Les flocons s’approprient lentement les paysages et l’hiver s’installe dans le Yorkshire. Victor n’est attendu de personne et traîne sa valise comme unique bagage. Le mystère qui entoure ce personnage va toutefois trouver un concurrent de taille puisque ce jeune homme arrive dans un village tourmenté. Les hommes s’inquiètent et le retour d’un chien-loup sur leur terre a tout d’un mauvais présage. Et que dire de l’angoisse qui prend une ampleur folle, faisant des corbeaux les premiers témoins de la capitulation silencieuse d’un pendu? Impassible, curieux, attentif, Victor noircit quotidiennement le papier de sa plume et consigne ce qu’il saisit ici et là dans un carnet. Il joue son rôle à merveille, mais son entreprise journalistique va vite se heurter à l’inexplicable…

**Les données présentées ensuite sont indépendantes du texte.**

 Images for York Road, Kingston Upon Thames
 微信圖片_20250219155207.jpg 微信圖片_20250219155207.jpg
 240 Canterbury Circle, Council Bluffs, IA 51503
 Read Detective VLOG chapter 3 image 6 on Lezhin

Seul le silence est la condition absolue pour que se fassent entendre en nous la véritable parole, les véritables révélations.

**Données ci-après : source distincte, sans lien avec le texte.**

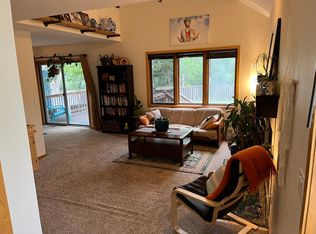 4555 Wellington Rd, Boulder, CO 80301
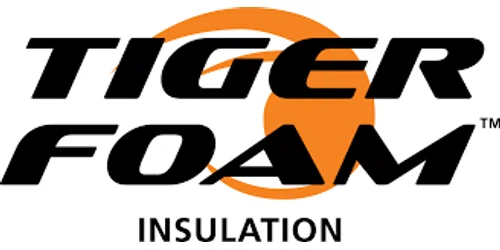 Tiger Foam Promo Code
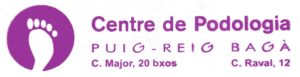 38Centrepodologia 38Centrepodologia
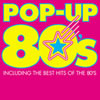 POP-UP 80's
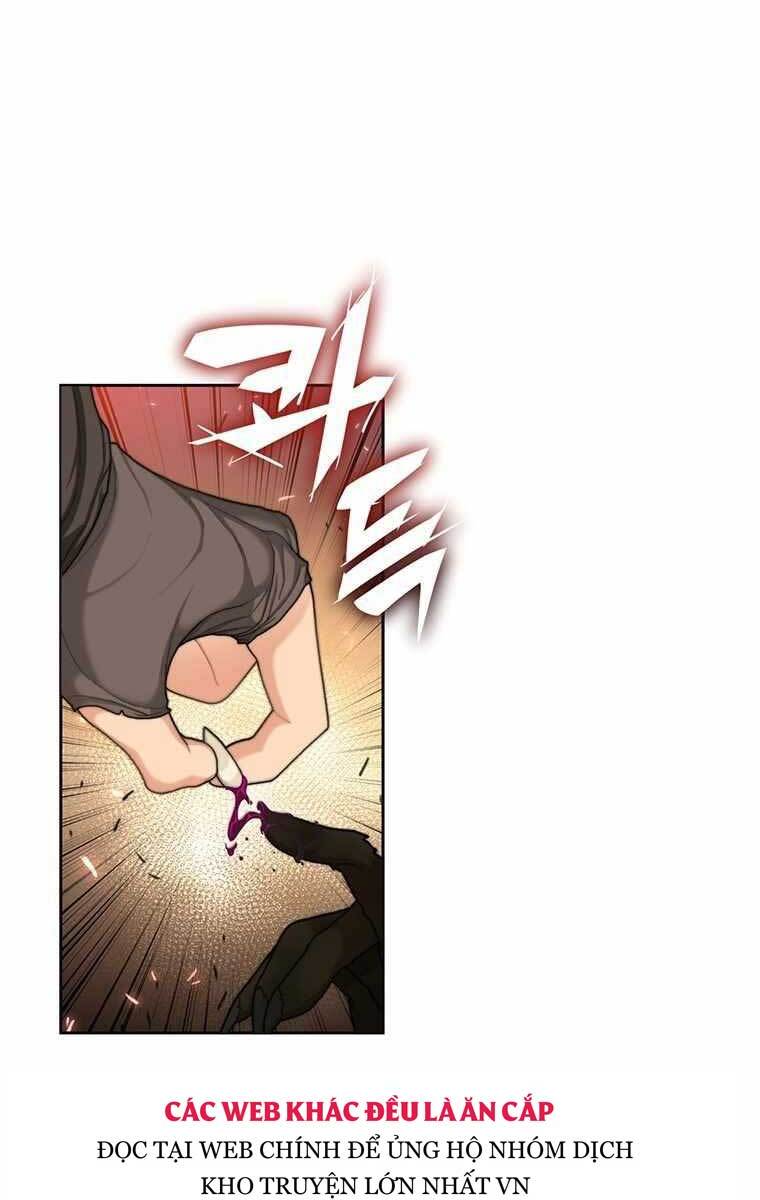 Mắc Kẹt Trong Tòa Tháp Thử Thách chapter 3 - Upload bởi truyensieuhay.com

Les ombres grises des hommes accoudés à un vieux zinc, la silhouette d’un dandy français, le crâne lisse d’un prêtre, les courbes voluptueuses d’une femme au corps nu, jamais rassasiée de caresses: tout ce beau monde se côtoie à mesure que défilent les saisons. Cette palette de personnages favorise la confrontation des croyances et des opinions qui agitent les murmures de la foule. Que se passe-t-il de si terrifiant pour délier ainsi les langues et réveiller les peurs des hommes? Le héros erre ainsi de case en case en quête de réponses et l’on se laisse saisir et entraîner dans une quête initiatique durant laquelle le mystère n’est pas prêt à livrer toute sa vérité.

A l’heure où je commence à écrire ces lignes mouvantes comme des marécages, je ne sais moi-même où je pose mes pas. Déjà perdu avant d’arriver.

L’album de Thierry Murat a pour protagoniste un journaliste épris de poésie qui s’empare – par le biais de l’écriture – du monde qui l’entoure. Le récit, très inspiré et profondément littéraire nous charme à la manière d’un envoûtement. Les mots dévoilent une plume qui épouse la beauté des ambiances du XIXe et l’on laisse aisément le réel nous échapper pour céder à la tentation du fantastique, des croyances ancestrales et à la magie des sorcières d’un autre temps. Entre l’incantation fascinée et l’ode à la femme et à la féminité, le texte de Thierry Murat s’offre la noirceur de Poe que l’on mélangerait à l’audace d’un poète maudit. La prose poétique qu’il insuffle à ses pages est venue définitivement convaincre la littéraire que je suis et j’ai aimé ce personnage qui tentait d’épingler des vertiges comme Rimbaud les fixait dans Une Saison en enfer.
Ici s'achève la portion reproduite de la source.